Three rules of thumb regarding rooks are worth noting:
- Rooks should almost always be placed behind passed pawns, whether one's own or the opponent's (the Tarrasch rule). A notable exception is in the ending of a rook and pawn versus a rook, if the pawn is not too far advanced. In that case, the best place for the opposing rook is in front of the pawn.
- Rooks are very poor defenders relative to their attacking strength. So it is often good to sacrifice a pawn for activity.
- A rook on the seventh rank can wreak mayhem among the opponent's pawns. The power of a rook on the seventh rank is not confined to the endgame. The classic example is Capablanca versus Tartakower, New York 1924 (see annotated game without diagrams or Java board)

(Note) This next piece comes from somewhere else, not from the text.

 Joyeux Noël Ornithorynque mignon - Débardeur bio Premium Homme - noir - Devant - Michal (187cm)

An important winning position in the rook and pawn versus rook endgame is the so-called Lucena position. If the side with the pawn can reach the Lucena position, he wins. However, there are several important drawing techniques such as the Philidor position, the back rank defense (rook on the first rank, for rook pawns and knight pawns only), the frontal defense, and the short side defense. A general rule is that if the weaker side's king can get to the queening square of the pawn, the game is a draw and otherwise it is a win, but there are many exceptions.
Rook and pawn versus rook
Generally (but not always), if the defending king can reach the queening square of the pawn the game is a draw (see Philidor position), otherwise the attacker usually wins (if it is not a rook pawn) (see Lucena position) (Fine & Benko 2003:294). The winning procedure can be very difficult and some positions require up to sixty moves to win (Speelman, Tisdall & Wade 1993:7). If the attacking rook is two files from the pawn and the defending king is cut off on the other side, the attacker normally wins (with a few exceptions) (Fine & Benko 2003:294). The rook and pawn versus rook is the most common of the "piece and pawn versus piece" endgames (Nunn 2007:148).

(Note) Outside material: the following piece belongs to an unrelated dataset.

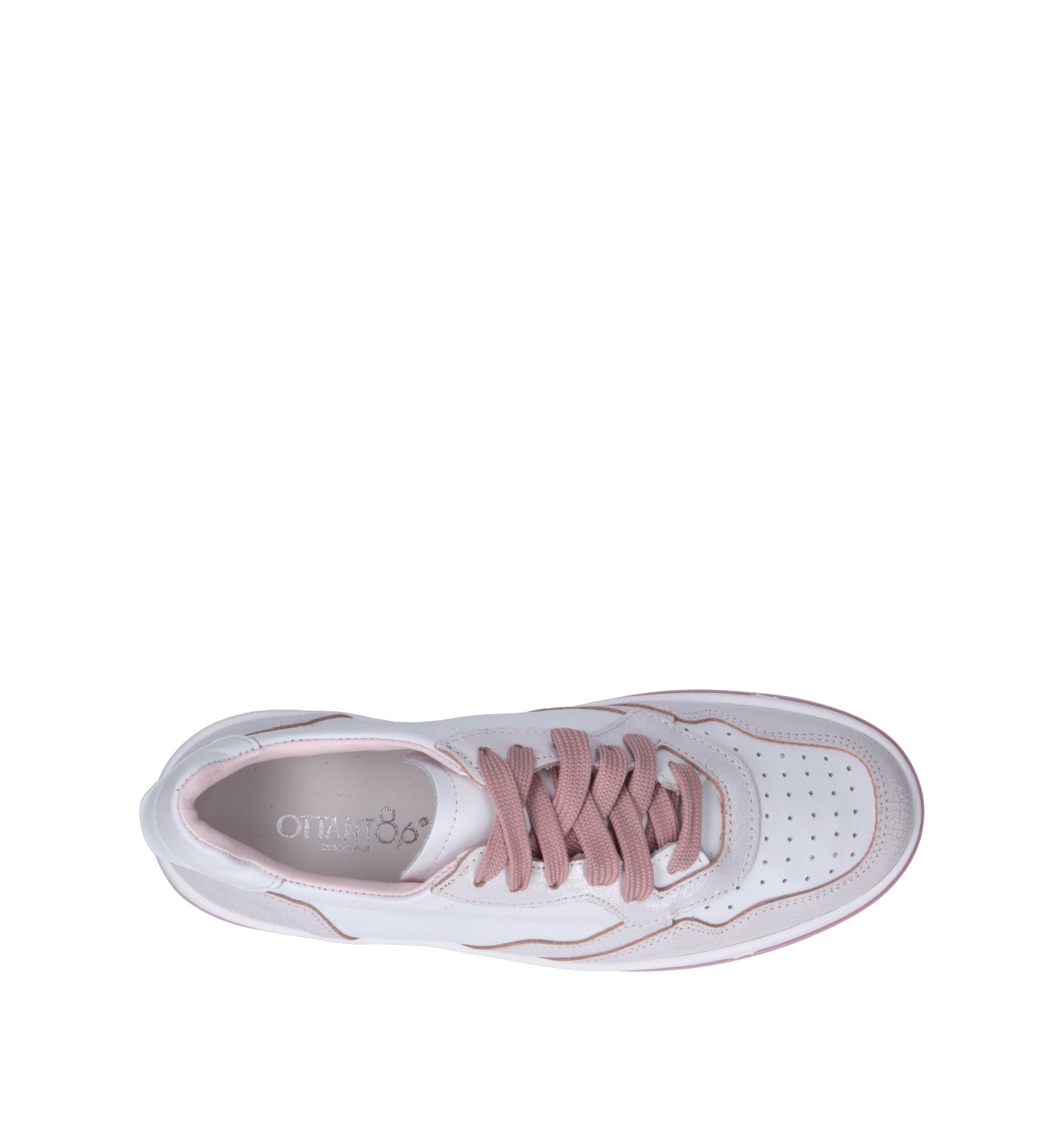 OTTANT8,6 Sneaker donna bianca/rosa in pelle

The most difficult case of a rook and pawn versus a rook occurs when the attacking rook is one file over from the pawn and the defending king is cut off on the other side. Siegbert Tarrasch gave the following rules for this case:
For a player defending against a pawn on the fifth or even sixth ranks to obtain a draw, even after his king has been forced off the queening square, the following conditions must obtain: The file on which the pawn stands divides the board into two unequal parts. The defending rook must stand in the longer part and give checks from the flank at the greatest possible distance from the attacking king. Nothing less than a distance of three files makes it possible for the rook to keep on giving check. Otherwise it would ultimately be attacked by the king. The defending king must stand on the smaller part of the board.

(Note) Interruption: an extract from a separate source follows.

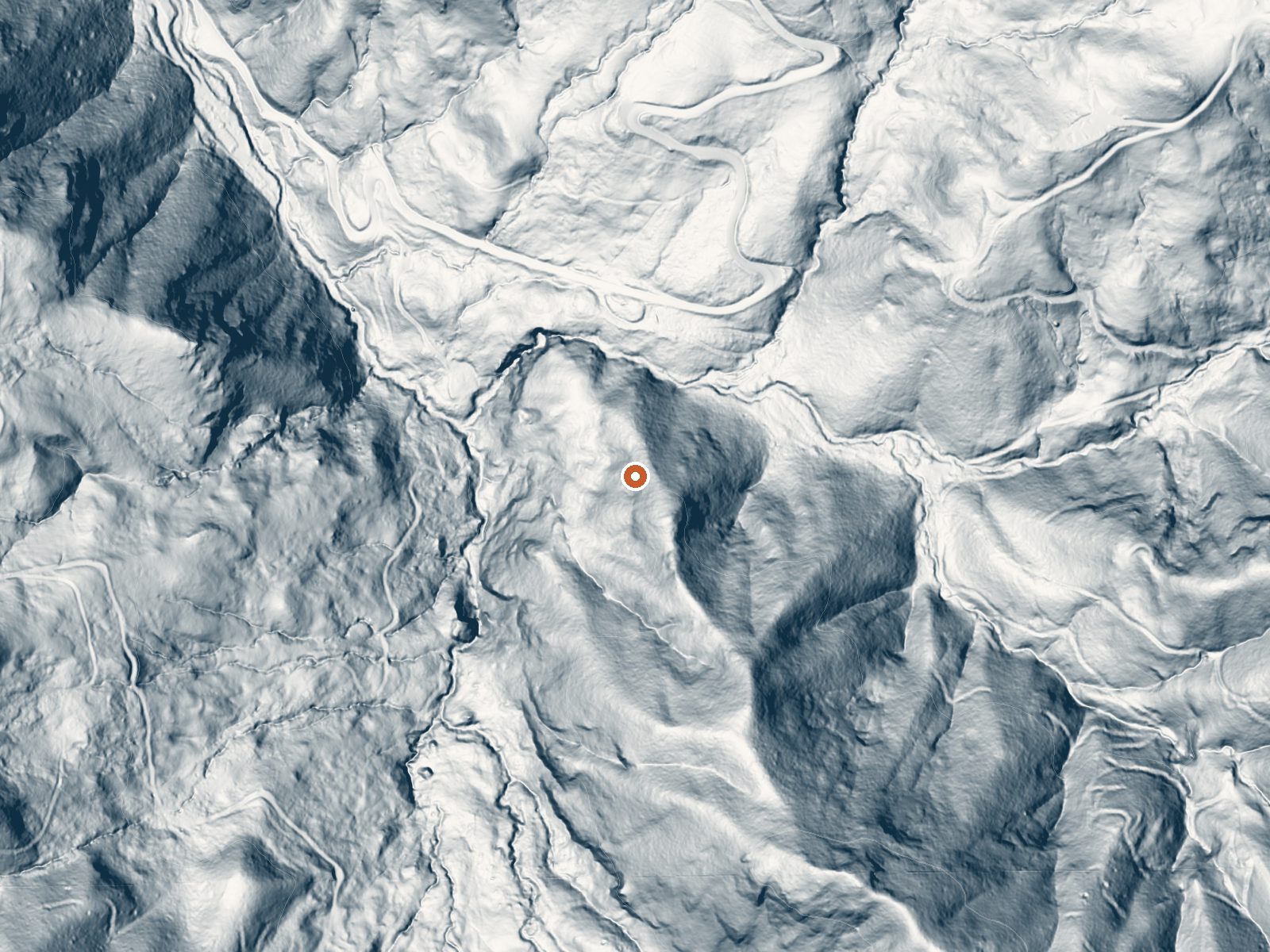 LiDAR bare-earth view of the same ground around Orrs Springs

(See the short side defense at Rook and pawn versus rook endgame.)
- "All rook and pawn endings are drawn."
The context of this quote shows it is a comment on the fact that a small advantage in a rook and pawn endgame is less likely to be converted into a win. Mark Dvoretsky said that the statement is "semi-joking, semi-serious" (Dvoretsky & Yusupov 2008:159). This quotation has variously been attributed to Savielly Tartakower and to Siegbert Tarrasch. Writers Victor Korchnoi (Korchnoi 2002:29), John Emms (Emms 2008:41), and James Howell (Howell 1997:36) attribute the quote to Tartakower, whereas Dvoretsky (Dvoretsky 2006:158), Andy Soltis (Soltis 2003:52), Karsten Müller, and Kaufeld & Kern (Kaufeld & Kern 2011:167) attribute it to Tarrasch. John Watson attributed to Tarrasch "by legend" and says that statistics do not support the statement (Watson 1998:81–82). Benko wonders if it was due to Vasily Smyslov (Benko 2007:186). Attributing the quote to Tarrasch may be a result of confusion between this quote and the Tarrasch rule concerning rooks. The source of the quote is currently unresolved. Benko noted that although the saying is usually said with tongue in cheek, it is truer in practice than one might think (Benko 2007:189).
Queen and pawn endings
In Queen and pawn endings, passed pawns have paramount importance, because the queen can escort it to the queening square alone. The advancement of the passed pawn outweighs the number of pawns. The defender must resort to perpetual check. These endings are frequently extremely long affairs. For an example of a Queen and pawn endgame see Kasparov versus the World – Kasparov won although he had fewer pawns because his was more advanced. For the ending with a queen versus a pawn, see Queen versus pawn endgame.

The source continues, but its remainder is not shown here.